"And they came to Jericho... As he was leaving Jericho with his disciples and a great crowd, Bartimaeus, a blind beggar, the son of Timaeus, was sitting by the roadside... He heard that it was Jesus of Nazareth, and he began to cry out and say, 'Jesus, Son of David, have mercy on me!'
...Many rebuked him, telling him to be silent. ['Shut up!!'] But he cried out all the more, 'So of David, have mercy on me!' And Jesus stopped and said, 'Call him.' And they called the blind man, saying to him, 'Take heart. Get up. He is calling you.'
Throwing off his clock, and springing up to his feet, he came to Jesus..."
Before the time of Christ, Plato had written a book called Timaeus. He was grasping at straws in the dark, hoping, and theologizing on who God is, who He must be. He came up with various ideas incorporating geometry and the world around him. Although, he could not know God by his own power or means, one of his characters in this dialogue did have the right idea:
"All men who partake of even a bit of sound-mindedness always call on God."
Plato knew that he must call out. But, he had been fated to remain blind. Perhaps, he gave into his own understanding of God instead of seeking and finding Him for who He truly is.

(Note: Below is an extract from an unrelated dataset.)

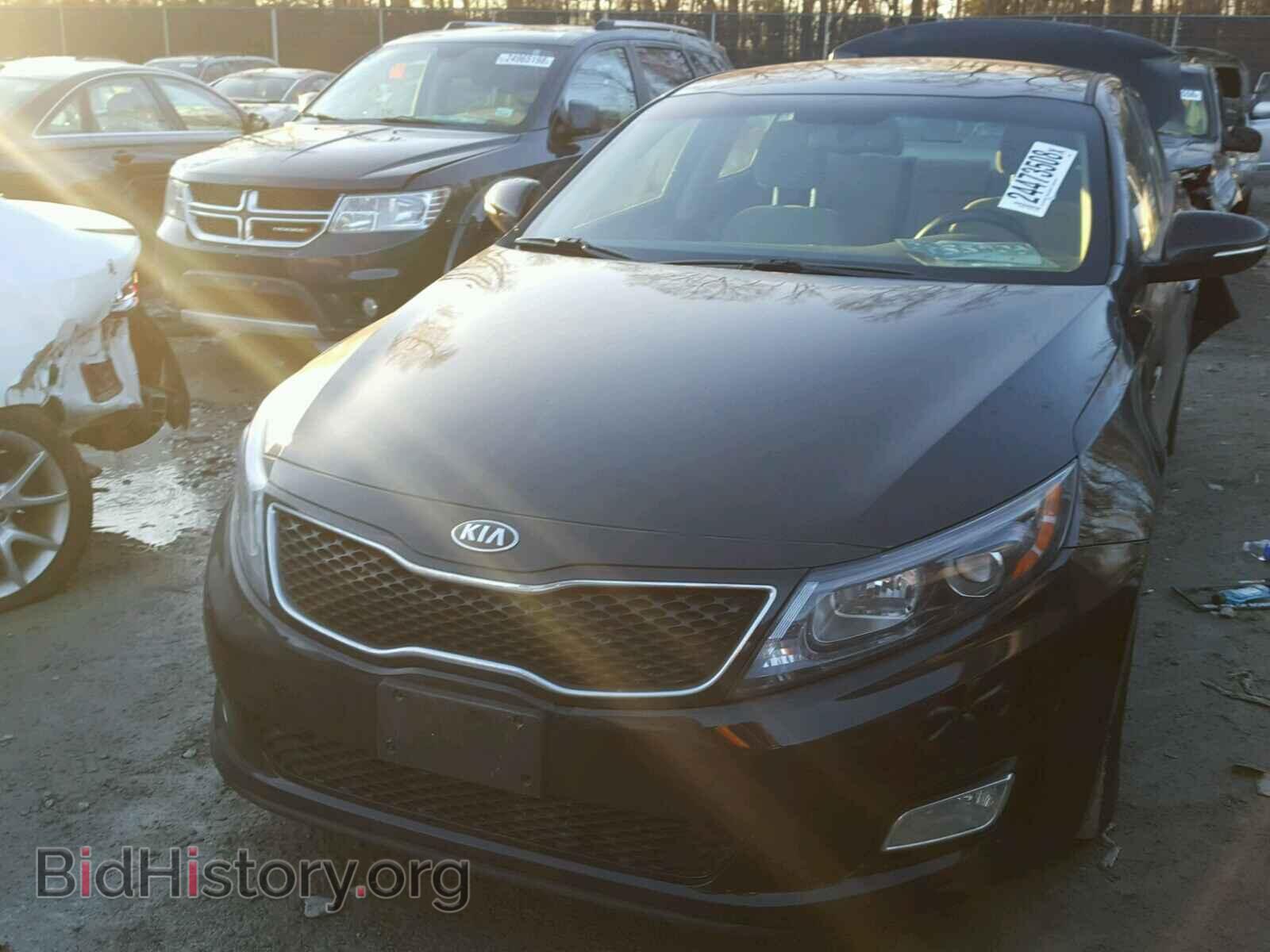 2015 KIA OPTIMA - VIN: 5XXGM4A72FG463920 - Фото 2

Either way, the point is that like Timaeus and the followers, sons of Timaeus, we call out to God, hoping to learn who He is. The difference is, we know that we are heard.
'Take heart. Get up. He is calling you.'
We are answered. Jesus Christ calls out back to us, inviting us to come forward.We throw off our cloaks and the worries of this world and rush towards His voice. We are healed.
It is not by our own reason, merit, or strength. But, because of who Christ is and what He has done for us. Although, we may still not understand, He cleanses us and opens our eyes so that we may finally see His face.
"Immediately Bartimaeus recovered his sight and followed Him."
Check out Mark 10:46-52 and Timaeus 27C for references.